→ Dataset content
☆ ☆ ☆
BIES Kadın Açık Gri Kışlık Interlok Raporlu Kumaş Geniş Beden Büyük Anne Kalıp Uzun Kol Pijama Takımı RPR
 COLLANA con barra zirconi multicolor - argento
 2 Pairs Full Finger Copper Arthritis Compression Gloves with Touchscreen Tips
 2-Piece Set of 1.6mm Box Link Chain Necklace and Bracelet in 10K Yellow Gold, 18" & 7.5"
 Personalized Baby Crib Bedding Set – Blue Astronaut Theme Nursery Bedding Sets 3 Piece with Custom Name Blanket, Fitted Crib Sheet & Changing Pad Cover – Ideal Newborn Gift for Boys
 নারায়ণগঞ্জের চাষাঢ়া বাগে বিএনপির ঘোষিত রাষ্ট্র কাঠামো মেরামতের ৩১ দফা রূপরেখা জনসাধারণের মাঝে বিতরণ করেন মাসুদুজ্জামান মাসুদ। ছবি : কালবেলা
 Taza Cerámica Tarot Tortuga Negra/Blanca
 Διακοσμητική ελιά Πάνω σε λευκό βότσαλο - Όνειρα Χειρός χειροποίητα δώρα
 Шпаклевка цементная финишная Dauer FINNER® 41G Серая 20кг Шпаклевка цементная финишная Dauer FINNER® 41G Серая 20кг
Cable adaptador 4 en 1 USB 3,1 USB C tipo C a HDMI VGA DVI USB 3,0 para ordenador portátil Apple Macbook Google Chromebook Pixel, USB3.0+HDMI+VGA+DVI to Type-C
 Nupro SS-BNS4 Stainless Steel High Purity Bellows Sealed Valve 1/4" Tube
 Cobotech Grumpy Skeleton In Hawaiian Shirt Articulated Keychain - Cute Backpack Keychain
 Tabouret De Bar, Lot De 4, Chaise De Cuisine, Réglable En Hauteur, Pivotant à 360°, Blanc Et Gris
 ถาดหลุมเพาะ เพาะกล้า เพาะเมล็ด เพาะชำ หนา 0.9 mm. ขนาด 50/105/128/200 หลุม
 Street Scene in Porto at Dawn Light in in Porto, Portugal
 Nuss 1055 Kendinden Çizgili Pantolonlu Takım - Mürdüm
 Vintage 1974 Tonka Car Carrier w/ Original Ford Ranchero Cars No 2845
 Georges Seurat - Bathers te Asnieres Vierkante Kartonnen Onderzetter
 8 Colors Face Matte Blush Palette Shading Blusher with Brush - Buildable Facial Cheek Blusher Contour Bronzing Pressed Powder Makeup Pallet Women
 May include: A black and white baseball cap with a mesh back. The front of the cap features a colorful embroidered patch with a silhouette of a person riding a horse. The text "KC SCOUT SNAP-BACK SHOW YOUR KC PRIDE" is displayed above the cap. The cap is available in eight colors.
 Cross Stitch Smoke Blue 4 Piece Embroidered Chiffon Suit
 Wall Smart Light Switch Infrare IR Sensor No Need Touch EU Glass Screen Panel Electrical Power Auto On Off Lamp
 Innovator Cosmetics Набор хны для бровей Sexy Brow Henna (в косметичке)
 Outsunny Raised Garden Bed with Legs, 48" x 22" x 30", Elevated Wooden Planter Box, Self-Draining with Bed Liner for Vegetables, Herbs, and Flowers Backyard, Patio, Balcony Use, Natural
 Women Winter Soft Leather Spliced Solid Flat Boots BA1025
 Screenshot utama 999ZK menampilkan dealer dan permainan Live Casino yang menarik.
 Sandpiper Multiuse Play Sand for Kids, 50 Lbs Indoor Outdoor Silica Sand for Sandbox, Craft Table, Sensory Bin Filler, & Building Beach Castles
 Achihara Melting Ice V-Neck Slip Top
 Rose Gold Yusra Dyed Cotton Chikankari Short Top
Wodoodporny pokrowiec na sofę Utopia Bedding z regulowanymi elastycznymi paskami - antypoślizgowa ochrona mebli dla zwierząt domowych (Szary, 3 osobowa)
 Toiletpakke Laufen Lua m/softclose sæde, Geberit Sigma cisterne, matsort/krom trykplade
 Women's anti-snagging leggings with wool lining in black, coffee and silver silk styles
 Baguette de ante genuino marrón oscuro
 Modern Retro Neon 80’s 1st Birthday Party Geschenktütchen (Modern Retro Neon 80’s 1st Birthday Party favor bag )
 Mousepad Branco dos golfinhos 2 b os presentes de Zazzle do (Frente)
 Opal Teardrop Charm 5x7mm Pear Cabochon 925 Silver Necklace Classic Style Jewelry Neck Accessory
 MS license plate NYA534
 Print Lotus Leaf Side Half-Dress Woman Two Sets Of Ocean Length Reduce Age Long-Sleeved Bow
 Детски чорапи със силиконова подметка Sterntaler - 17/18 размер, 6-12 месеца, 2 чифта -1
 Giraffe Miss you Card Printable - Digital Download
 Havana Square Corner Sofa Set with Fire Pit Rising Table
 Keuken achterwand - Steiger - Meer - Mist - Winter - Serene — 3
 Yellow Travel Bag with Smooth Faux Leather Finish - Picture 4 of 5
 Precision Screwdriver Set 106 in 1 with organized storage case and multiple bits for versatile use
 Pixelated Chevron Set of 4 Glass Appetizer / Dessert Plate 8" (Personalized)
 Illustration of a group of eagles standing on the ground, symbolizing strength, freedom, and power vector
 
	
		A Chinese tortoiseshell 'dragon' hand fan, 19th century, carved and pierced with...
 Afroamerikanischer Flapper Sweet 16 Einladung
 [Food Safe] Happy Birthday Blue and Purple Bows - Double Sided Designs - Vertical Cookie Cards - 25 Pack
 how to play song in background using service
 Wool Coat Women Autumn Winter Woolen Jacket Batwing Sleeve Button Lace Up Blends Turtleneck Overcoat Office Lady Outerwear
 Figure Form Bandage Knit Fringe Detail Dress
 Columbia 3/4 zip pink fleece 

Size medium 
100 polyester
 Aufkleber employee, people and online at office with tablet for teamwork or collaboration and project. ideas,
☆ ☆ ☆
The answer should consist of all the lines above, retyped exactly.

BIES Kadın Açık Gri Kışlık Interlok Raporlu Kumaş Geniş Beden Büyük Anne Kalıp Uzun Kol Pijama Takımı RPR
 COLLANA con barra zirconi multicolor - argento
 2 Pairs Full Finger Copper Arthritis Compression Gloves with Touchscreen Tips
 2-Piece Set of 1.6mm Box Link Chain Necklace and Bracelet in 10K Yellow Gold, 18" & 7.5"
 Personalized Baby Crib Bedding Set – Blue Astronaut Theme Nursery Bedding Sets 3 Piece with Custom Name Blanket, Fitted Crib Sheet & Changing Pad Cover – Ideal Newborn Gift for Boys
 নারায়ণগঞ্জের চাষাঢ়া বাগে বিএনপির ঘোষিত রাষ্ট্র কাঠামো মেরামতের ৩১ দফা রূপরেখা জনসাধারণের মাঝে বিতরণ করেন মাসুদুজ্জামান মাসুদ। ছবি : কালবেলা
 Taza Cerámica Tarot Tortuga Negra/Blanca
 Διακοσμητική ελιά Πάνω σε λευκό βότσαλο - Όνειρα Χειρός χειροποίητα δώρα
 Шпаклевка цементная финишная Dauer FINNER® 41G Серая 20кг Шпаклевка цементная финишная Dauer FINNER® 41G Серая 20кг
Cable adaptador 4 en 1 USB 3,1 USB C tipo C a HDMI VGA DVI USB 3,0 para ordenador portátil Apple Macbook Google Chromebook Pixel, USB3.0+HDMI+VGA+DVI to Type-C
 Nupro SS-BNS4 Stainless Steel High Purity Bellows Sealed Valve 1/4" Tube
 Cobotech Grumpy Skeleton In Hawaiian Shirt Articulated Keychain - Cute Backpack Keychain
 Tabouret De Bar, Lot De 4, Chaise De Cuisine, Réglable En Hauteur, Pivotant à 360°, Blanc Et Gris
 ถาดหลุมเพาะ เพาะกล้า เพาะเมล็ด เพาะชำ หนา 0.9 mm. ขนาด 50/105/128/200 หลุม
 Street Scene in Porto at Dawn Light in in Porto, Portugal
 Nuss 1055 Kendinden Çizgili Pantolonlu Takım - Mürdüm
 Vintage 1974 Tonka Car Carrier w/ Original Ford Ranchero Cars No 2845
 Georges Seurat - Bathers te Asnieres Vierkante Kartonnen Onderzetter
 8 Colors Face Matte Blush Palette Shading Blusher with Brush - Buildable Facial Cheek Blusher Contour Bronzing Pressed Powder Makeup Pallet Women
 May include: A black and white baseball cap with a mesh back. The front of the cap features a colorful embroidered patch with a silhouette of a person riding a horse. The text "KC SCOUT SNAP-BACK SHOW YOUR KC PRIDE" is displayed above the cap. The cap is available in eight colors.
 Cross Stitch Smoke Blue 4 Piece Embroidered Chiffon Suit
 Wall Smart Light Switch Infrare IR Sensor No Need Touch EU Glass Screen Panel Electrical Power Auto On Off Lamp
 Innovator Cosmetics Набор хны для бровей Sexy Brow Henna (в косметичке)
 Outsunny Raised Garden Bed with Legs, 48" x 22" x 30", Elevated Wooden Planter Box, Self-Draining with Bed Liner for Vegetables, Herbs, and Flowers Backyard, Patio, Balcony Use, Natural
 Women Winter Soft Leather Spliced Solid Flat Boots BA1025
 Screenshot utama 999ZK menampilkan dealer dan permainan Live Casino yang menarik.
 Sandpiper Multiuse Play Sand for Kids, 50 Lbs Indoor Outdoor Silica Sand for Sandbox, Craft Table, Sensory Bin Filler, & Building Beach Castles
 Achihara Melting Ice V-Neck Slip Top
 Rose Gold Yusra Dyed Cotton Chikankari Short Top
Wodoodporny pokrowiec na sofę Utopia Bedding z regulowanymi elastycznymi paskami - antypoślizgowa ochrona mebli dla zwierząt domowych (Szary, 3 osobowa)
 Toiletpakke Laufen Lua m/softclose sæde, Geberit Sigma cisterne, matsort/krom trykplade
 Women's anti-snagging leggings with wool lining in black, coffee and silver silk styles
 Baguette de ante genuino marrón oscuro
 Modern Retro Neon 80’s 1st Birthday Party Geschenktütchen (Modern Retro Neon 80’s 1st Birthday Party favor bag )
 Mousepad Branco dos golfinhos 2 b os presentes de Zazzle do (Frente)
 Opal Teardrop Charm 5x7mm Pear Cabochon 925 Silver Necklace Classic Style Jewelry Neck Accessory
 MS license plate NYA534
 Print Lotus Leaf Side Half-Dress Woman Two Sets Of Ocean Length Reduce Age Long-Sleeved Bow
 Детски чорапи със силиконова подметка Sterntaler - 17/18 размер, 6-12 месеца, 2 чифта -1
 Giraffe Miss you Card Printable - Digital Download
 Havana Square Corner Sofa Set with Fire Pit Rising Table
 Keuken achterwand - Steiger - Meer - Mist - Winter - Serene — 3
 Yellow Travel Bag with Smooth Faux Leather Finish - Picture 4 of 5
 Precision Screwdriver Set 106 in 1 with organized storage case and multiple bits for versatile use
 Pixelated Chevron Set of 4 Glass Appetizer / Dessert Plate 8" (Personalized)
 Illustration of a group of eagles standing on the ground, symbolizing strength, freedom, and power vector
 
	
		A Chinese tortoiseshell 'dragon' hand fan, 19th century, carved and pierced with...
 Afroamerikanischer Flapper Sweet 16 Einladung
 [Food Safe] Happy Birthday Blue and Purple Bows - Double Sided Designs - Vertical Cookie Cards - 25 Pack
 how to play song in background using service
 Wool Coat Women Autumn Winter Woolen Jacket Batwing Sleeve Button Lace Up Blends Turtleneck Overcoat Office Lady Outerwear
 Figure Form Bandage Knit Fringe Detail Dress
 Columbia 3/4 zip pink fleece 

Size medium 
100 polyester
 Aufkleber employee, people and online at office with tablet for teamwork or collaboration and project. ideas,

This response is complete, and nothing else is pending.